Partial model comparison. hef vs onnx

user804 · March 9, 2026, 10:25pm

Hello,
i use hailort 4.20.
I have succesfully converted a custom trained yolov8s model to hef, and received very similar results to the onnx model.

next i trained a custom ocr model.
and i try to optimize it to hef in a similar way.
I used hailomz optimize…
modified the .alls, .yaml and post process files
I saw a dramatic drop in performance for the .hef version of ocr.

I tried to run noise analysis in order to perhaps find the spot that needs fixing, but it fails due to some hailo implementation issue. even though the model gets converted correctly. it says there is channel mismatch when i run the noise analysis.

so i look for an alternative way to examine the model structure, in order to perhaps find a certain layer that gets quantized poorly.

the method i chose is:

first converting only the first layer,
quantizing it
comparing output to onnx’s first layer
then add another layer and do the same, until i see that there is too much mismatch between the output tensors.
then i will know the problemetic layer.

i implemented everything… but when i did 3. (compared only the first quantized layer’s output) i saw very big mismatch between it and the onnx file. (i ran a validation set through it, and compared the tensors).

is my aproach good? am i missing somthing? i would apreciate any suggestions.

Michael · March 10, 2026, 8:34am

Hi @user804,

Your layer by layer bisection approach is valid, but the large mismatch at the very first layer strongly suggests a preprocessing/normalization discrepancy between your ONNX inference pipeline and the Hailo quantized graph rather than a quantization issue. It’s worth verifying that the input fed to both paths is byte-identical - same normalization, value range, and channel order — and that the .alls normalization_params reflect what your OCR model actually expects, since these can differ significantly from what worked for YOLOv8. Comparing dequantized Hailo outputs against ONNX outputs using cosine similarity (rather than absolute error) will also give a more meaningful picture. Once that first layer lines up, the bisection approach should work well for narrowing down any quantization-sensitive layers further along the graph.

Thanks,

user804 · March 11, 2026, 3:53pm

Thank you Michael!
Indeed i saw that for the first layers the cosine similarity is 0.9999, also its value reduces the more layers i add to the model.
I have a few follow-up questions:

Why is the cosine similarity a good metric for evaluation? is it due to it being invariant to the amplitude?
Is there another way you can suggest i evaluate ?
When i do find the problematic layer/layers, how do you suggest i deal with it? (I was thinking somehow redefining the quantization parameters for those layers via the .alls file)

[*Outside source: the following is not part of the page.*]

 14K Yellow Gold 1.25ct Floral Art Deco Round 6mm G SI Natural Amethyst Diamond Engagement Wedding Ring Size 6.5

These are the results i got from the check:

The X axis is the amount of layers
The Y axis is the average cosine similarity between onnx and hef over the 2000 validation images

I was thinking that the issue is within first and tenth layers, because after them the similarity has a dramatic fall. would apreciate your insights.

Thanks in advance.:

user804 · March 11, 2026, 6:02pm

i just noticed taht the drops in x = 2, x= 10, x=16 and so on is always in batchnorm2D..

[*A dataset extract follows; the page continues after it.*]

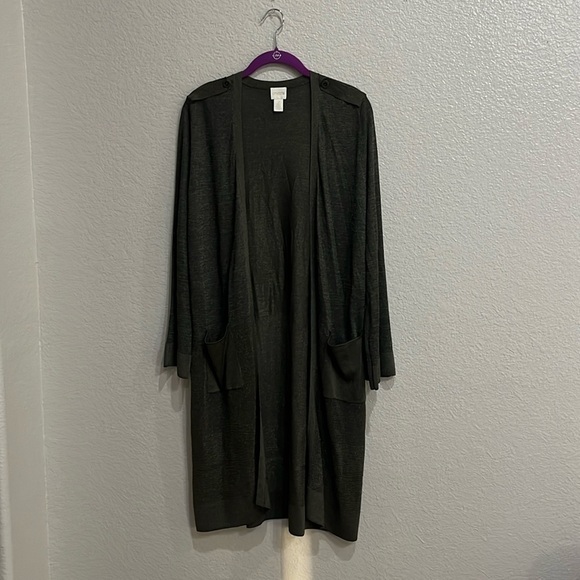 Chico's Women's Olive Green and Gold Cardigan Size Chico’s 2/Large - Picture 1 of 11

Michael · March 11, 2026, 7:27pm

Hi @user804,

BatchNorm2D is a well-known quantization-sensitive layer.

1. Why cosine similarity - Yes, it’s scale-invariant. Quantization changes absolute magnitudes, so raw diff looks bad even when the output is functionally correct. Cosine measures directional agreement - what matters.

2. Other metrics - SNR (dB) per layer, and most importantly, task-level OCR accuracy (compare character/word accuracy between ONNX and HEF directly).

3. Fixing the BN layers -

Better calibration data - use 500+ representative images.
Selective higher precision in .alls:
quantization_param([conv_before_bn_layer_name], precision_mode=a16_w16)
Target the Conv+BN blocks at your drop points (layers ~2, 10, 16).
QAT (Quantization-Aware Training) - if the above isn’t enough, retrain with quantization-aware finetuning so the model learns to handle the BN folding noise.